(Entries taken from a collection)

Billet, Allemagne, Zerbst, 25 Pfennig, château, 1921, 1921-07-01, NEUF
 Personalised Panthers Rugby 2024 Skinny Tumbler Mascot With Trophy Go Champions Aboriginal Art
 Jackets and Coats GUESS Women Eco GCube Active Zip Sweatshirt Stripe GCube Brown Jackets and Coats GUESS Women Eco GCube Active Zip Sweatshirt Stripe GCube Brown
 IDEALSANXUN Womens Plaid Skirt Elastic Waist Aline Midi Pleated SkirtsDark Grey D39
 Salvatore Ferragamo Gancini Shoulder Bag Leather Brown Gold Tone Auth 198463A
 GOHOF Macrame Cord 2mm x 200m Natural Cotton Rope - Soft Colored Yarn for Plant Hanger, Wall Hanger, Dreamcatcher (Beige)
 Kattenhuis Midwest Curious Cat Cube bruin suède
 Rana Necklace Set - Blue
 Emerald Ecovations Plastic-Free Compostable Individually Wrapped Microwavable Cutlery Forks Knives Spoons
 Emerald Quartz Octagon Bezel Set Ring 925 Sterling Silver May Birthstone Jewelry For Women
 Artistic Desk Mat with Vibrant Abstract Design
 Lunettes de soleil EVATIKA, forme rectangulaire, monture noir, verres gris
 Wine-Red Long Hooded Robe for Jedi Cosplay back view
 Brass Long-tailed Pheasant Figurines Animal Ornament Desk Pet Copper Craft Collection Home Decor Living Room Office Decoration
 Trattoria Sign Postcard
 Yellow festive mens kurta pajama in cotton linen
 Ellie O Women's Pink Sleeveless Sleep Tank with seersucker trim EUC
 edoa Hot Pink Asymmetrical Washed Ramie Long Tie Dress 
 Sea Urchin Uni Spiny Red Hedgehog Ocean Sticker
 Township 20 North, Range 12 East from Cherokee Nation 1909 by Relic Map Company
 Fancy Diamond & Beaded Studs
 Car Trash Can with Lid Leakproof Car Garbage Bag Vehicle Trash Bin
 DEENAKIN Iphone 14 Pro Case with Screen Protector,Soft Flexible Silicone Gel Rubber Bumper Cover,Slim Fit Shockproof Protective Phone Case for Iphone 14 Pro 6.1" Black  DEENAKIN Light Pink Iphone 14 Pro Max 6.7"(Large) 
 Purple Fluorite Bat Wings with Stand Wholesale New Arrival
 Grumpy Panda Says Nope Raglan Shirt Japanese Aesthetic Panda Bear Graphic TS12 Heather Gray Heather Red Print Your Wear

THE TASK - Each line from the one containing "Fancy Diamond & Beaded Studs" to the end of the entries above should be copied exactly, and no other line.

RESPONSE -
 Fancy Diamond & Beaded Studs
 Car Trash Can with Lid Leakproof Car Garbage Bag Vehicle Trash Bin
 DEENAKIN Iphone 14 Pro Case with Screen Protector,Soft Flexible Silicone Gel Rubber Bumper Cover,Slim Fit Shockproof Protective Phone Case for Iphone 14 Pro 6.1" Black  DEENAKIN Light Pink Iphone 14 Pro Max 6.7"(Large) 
 Purple Fluorite Bat Wings with Stand Wholesale New Arrival
 Grumpy Panda Says Nope Raglan Shirt Japanese Aesthetic Panda Bear Graphic TS12 Heather Gray Heather Red Print Your Wear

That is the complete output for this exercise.